The part below that opens with the line containing "CloudWindow digital skjermløsning" and closes with the line containing "HALO SMD6S6930WHDM SMD-DM" should be copied exactly, minus any pictures.

EXERCISE INPUT:
•••
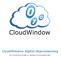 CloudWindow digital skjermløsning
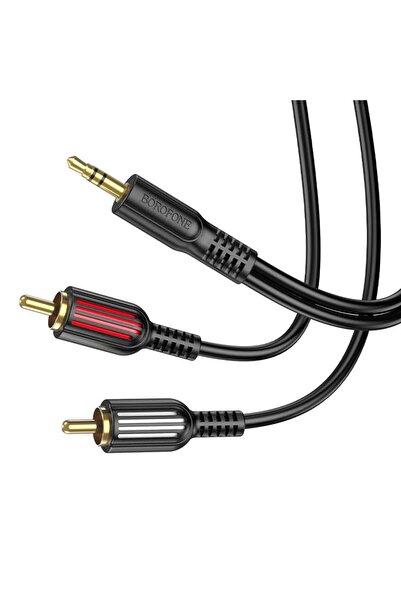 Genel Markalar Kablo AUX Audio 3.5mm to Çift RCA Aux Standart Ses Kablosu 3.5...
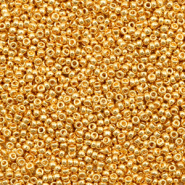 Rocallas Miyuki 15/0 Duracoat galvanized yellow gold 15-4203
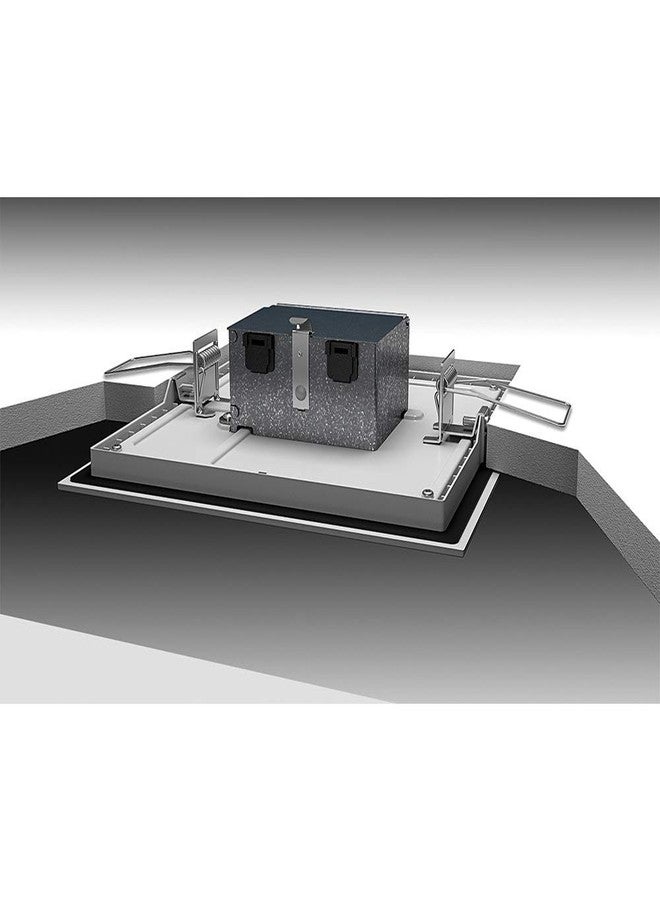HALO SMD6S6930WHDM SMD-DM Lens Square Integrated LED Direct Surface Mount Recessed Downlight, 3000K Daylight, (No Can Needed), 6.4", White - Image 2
•••
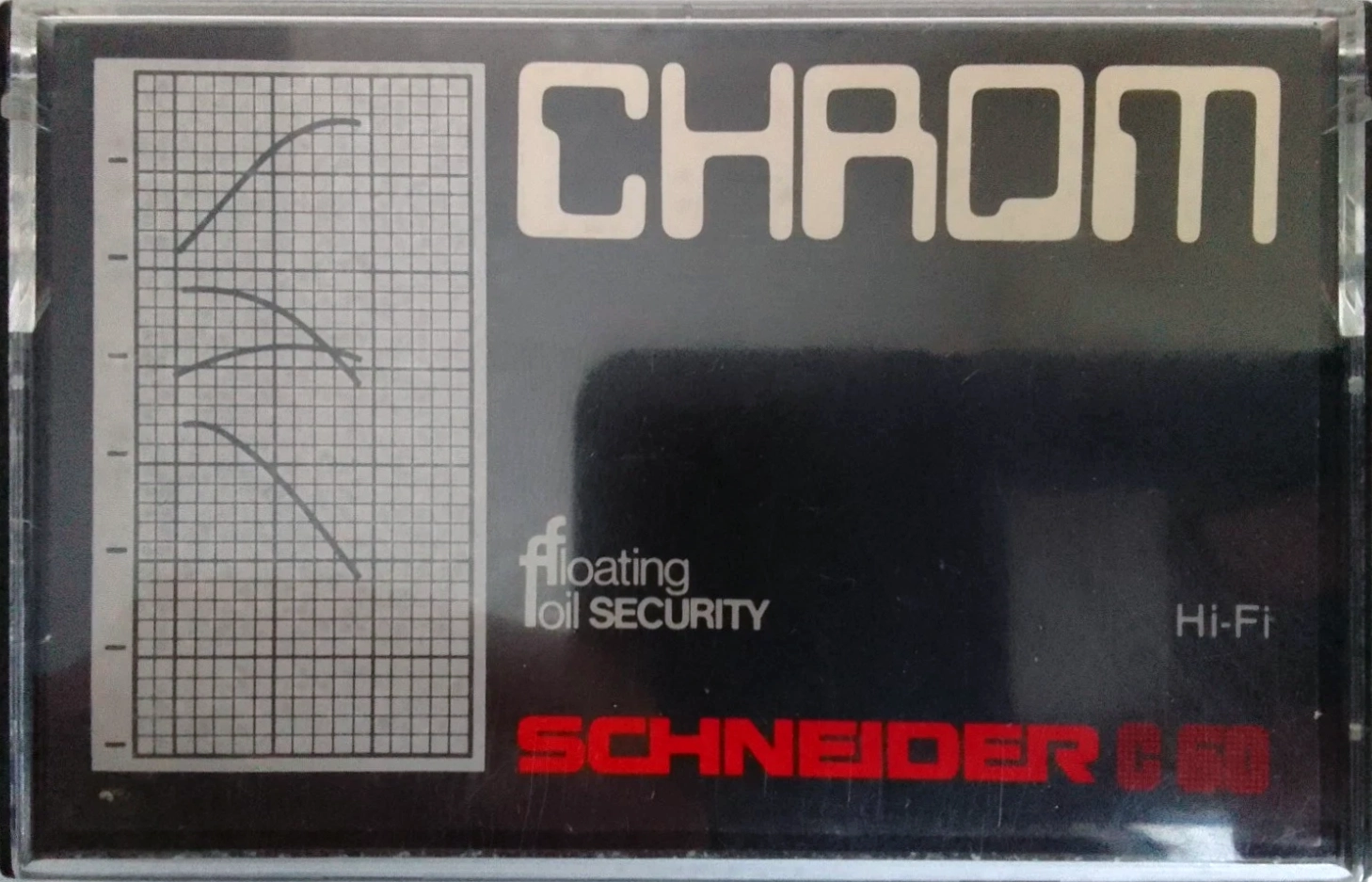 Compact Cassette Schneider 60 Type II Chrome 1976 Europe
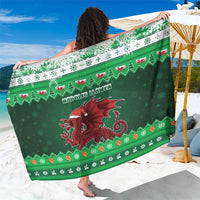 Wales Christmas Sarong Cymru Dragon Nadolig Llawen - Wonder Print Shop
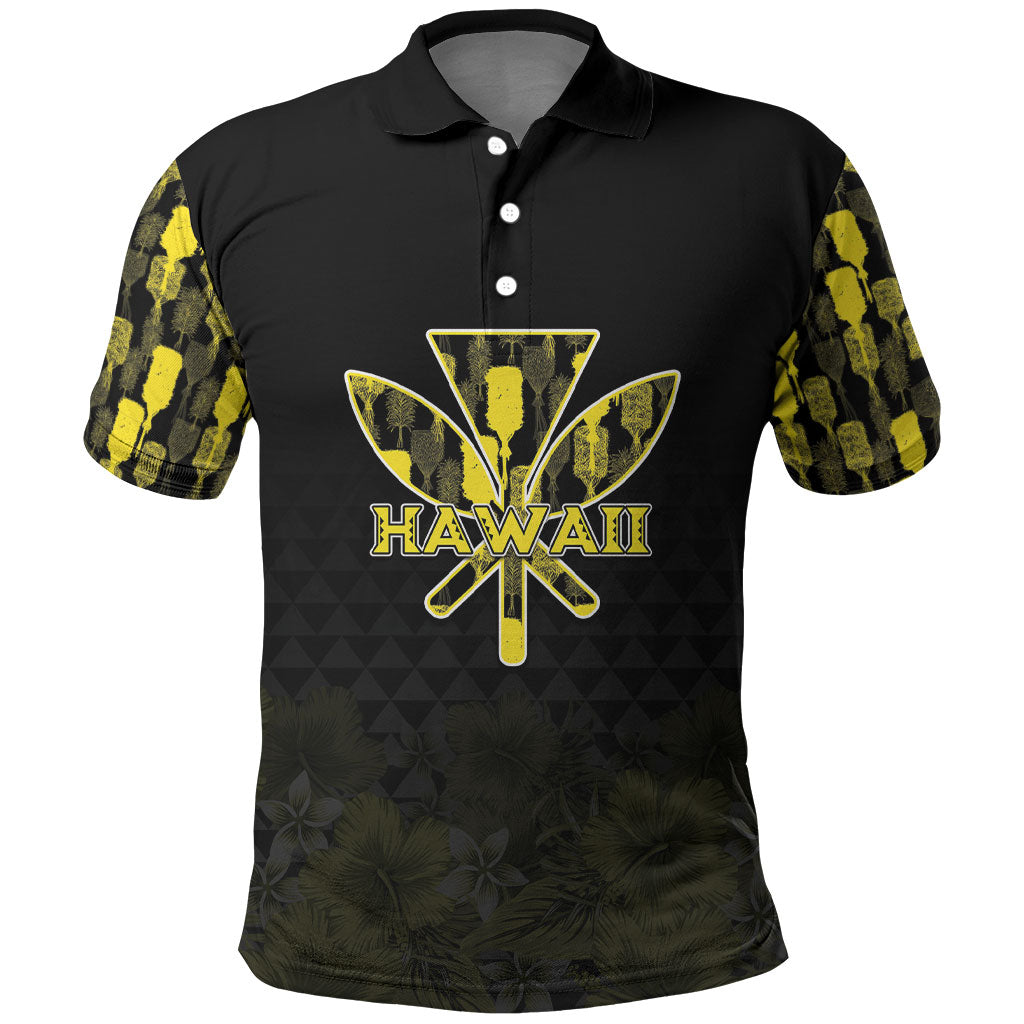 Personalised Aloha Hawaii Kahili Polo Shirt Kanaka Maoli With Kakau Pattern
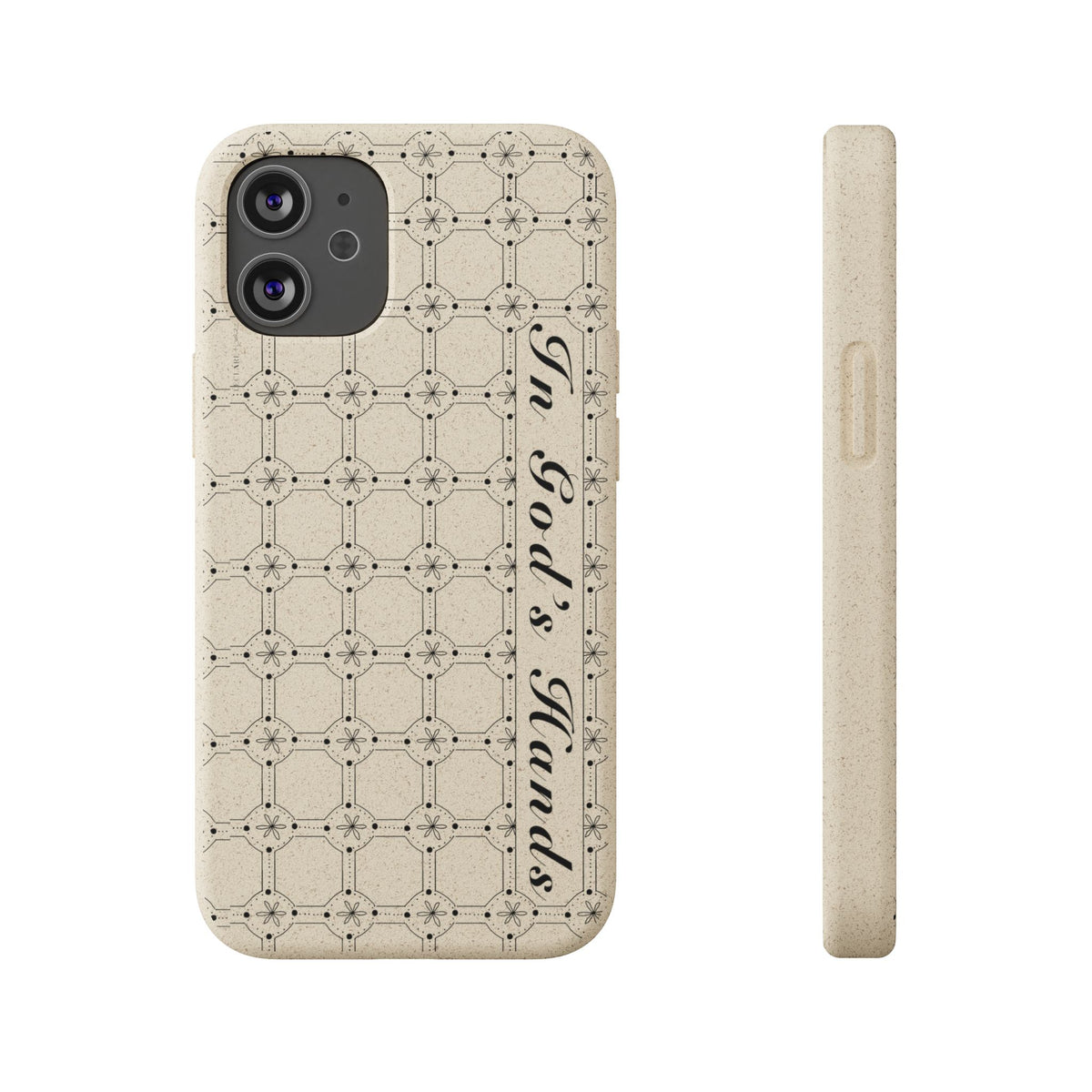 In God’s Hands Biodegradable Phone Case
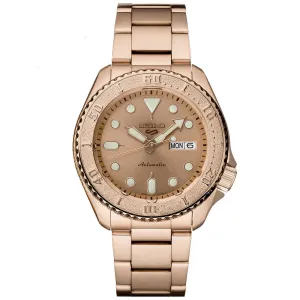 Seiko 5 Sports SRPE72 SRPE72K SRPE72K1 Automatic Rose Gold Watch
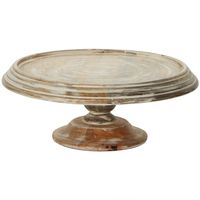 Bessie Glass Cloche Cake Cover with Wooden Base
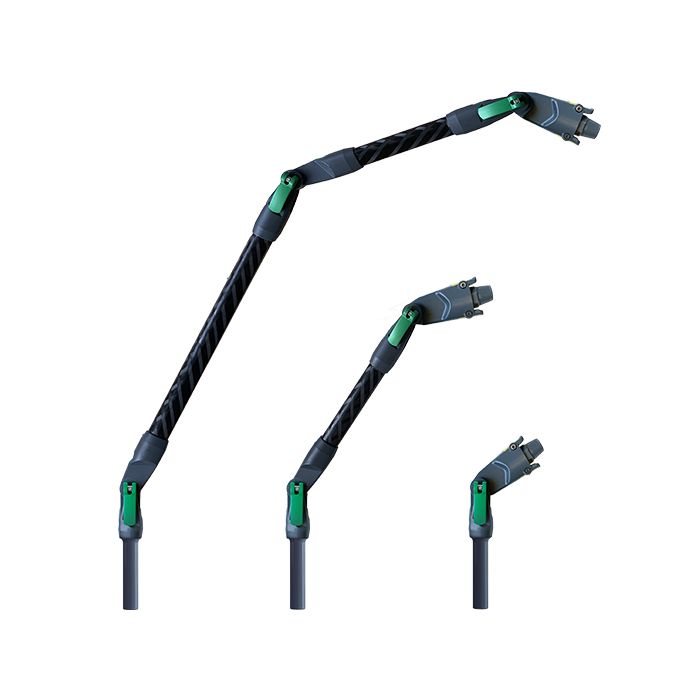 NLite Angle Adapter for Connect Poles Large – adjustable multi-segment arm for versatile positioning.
•••
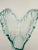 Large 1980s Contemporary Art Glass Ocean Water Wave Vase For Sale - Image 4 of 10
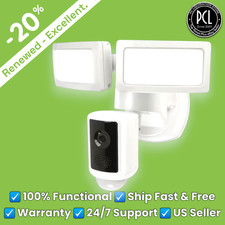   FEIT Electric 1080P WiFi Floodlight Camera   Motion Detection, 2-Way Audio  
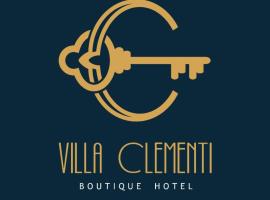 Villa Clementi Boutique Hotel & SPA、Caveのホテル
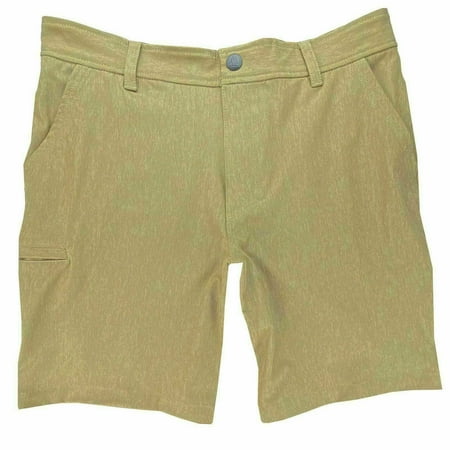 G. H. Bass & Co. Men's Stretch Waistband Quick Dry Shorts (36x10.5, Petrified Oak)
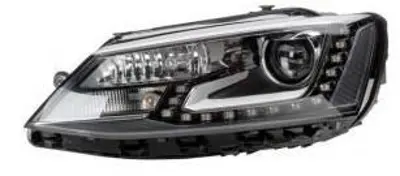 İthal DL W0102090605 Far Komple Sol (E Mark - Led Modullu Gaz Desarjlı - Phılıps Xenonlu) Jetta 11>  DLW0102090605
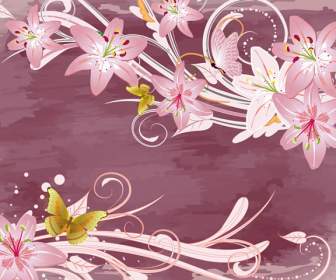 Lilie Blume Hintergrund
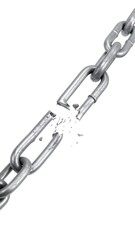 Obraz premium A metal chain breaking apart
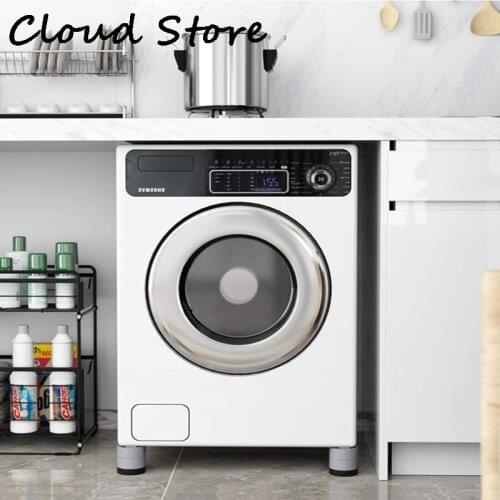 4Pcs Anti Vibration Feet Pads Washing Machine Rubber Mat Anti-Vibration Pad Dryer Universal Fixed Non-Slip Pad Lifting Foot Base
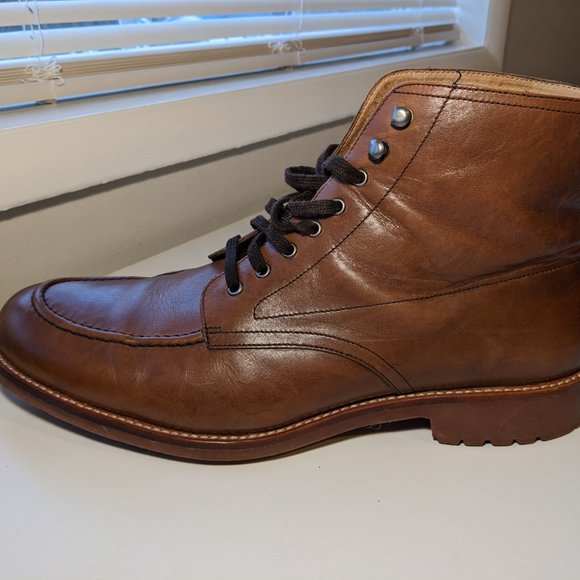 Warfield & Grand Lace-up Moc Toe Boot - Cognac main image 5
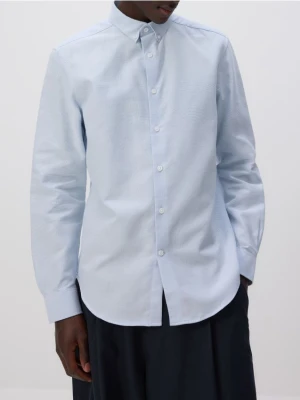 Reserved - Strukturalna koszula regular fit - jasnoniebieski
•••
RESPONSE AREA:
 CloudWindow digital skjermløsning
 Genel Markalar Kablo AUX Audio 3.5mm to Çift RCA Aux Standart Ses Kablosu 3.5...
 Rocallas Miyuki 15/0 Duracoat galvanized yellow gold 15-4203
HALO SMD6S6930WHDM SMD-DM Lens Square Integrated LED Direct Surface Mount Recessed Downlight, 3000K Daylight, (No Can Needed), 6.4", White - Image 2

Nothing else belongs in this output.